Les responsabilités des maires1 au regard du changement climatique (II)
Manuel GROS
Professeur à l'Université de Lille2
Avocat au barreau de Lille
Résumé du I La responsabilité pénale spécifique est encore en voie de développement, et difficilement applicable au changement climatique, faute de texte et donc d’infraction.

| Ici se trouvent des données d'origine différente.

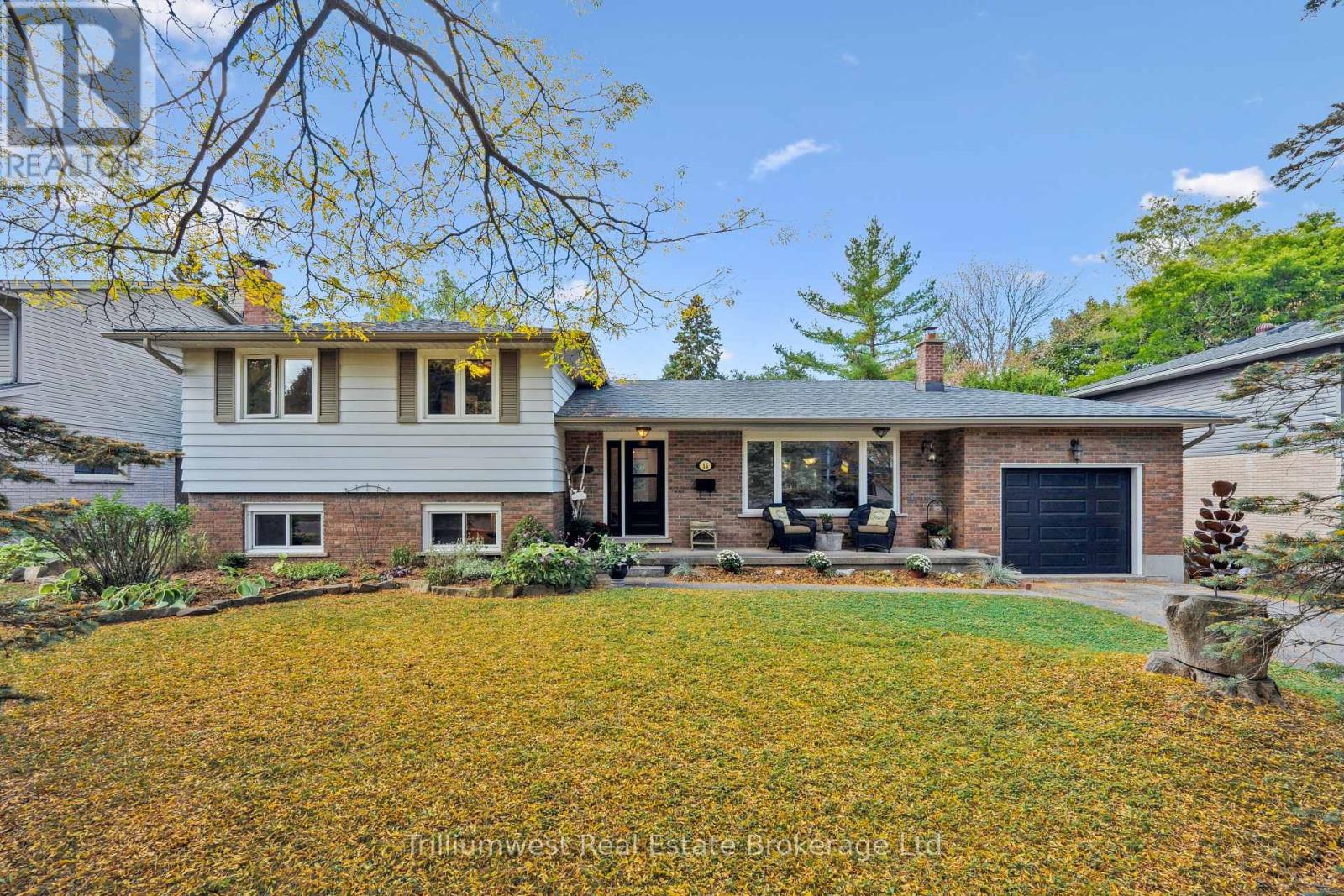 15 Karen Avenue, Guelph, Ontario  N1G 2N8 - Photo 2 - X12450557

Un principe de responsabilité civile difficile , faute de dommage écologique et de lien de causalité
La mise en œuvre de la responsabilité civile ou patrimoniale des maires (c’est-à-dire cette fois des communes et non des personnes) a pour objectif de réparer un dommage causé à un tiers, à ses biens ou à ses intérêts. Cette obligation de réparation peut résulter soit de l'inexécution d'un contrat (responsabilité contractuelle), soit d'une action qui cause un dommage à autrui. (extracontractuelle ou encore quasi délictuelle), dans les deux cas selon des principes jurisprudentiels distincts des dispositions du Code civil.
Mais, préalablement, encore faut-il s’entendre sur la définition du dommage environnemental, pour qu’il soit question d’une véritable responsabilité environnementale.
Pour qu’il y ait responsabilité (civile ou administrative) les trois éléments constitutifs suivants doivent être réunis : un fait générateur (fait, acte ou omission), un dommage certain, réel et évaluable financièrement, un lien de causalité entre le fait générateur et le dommage.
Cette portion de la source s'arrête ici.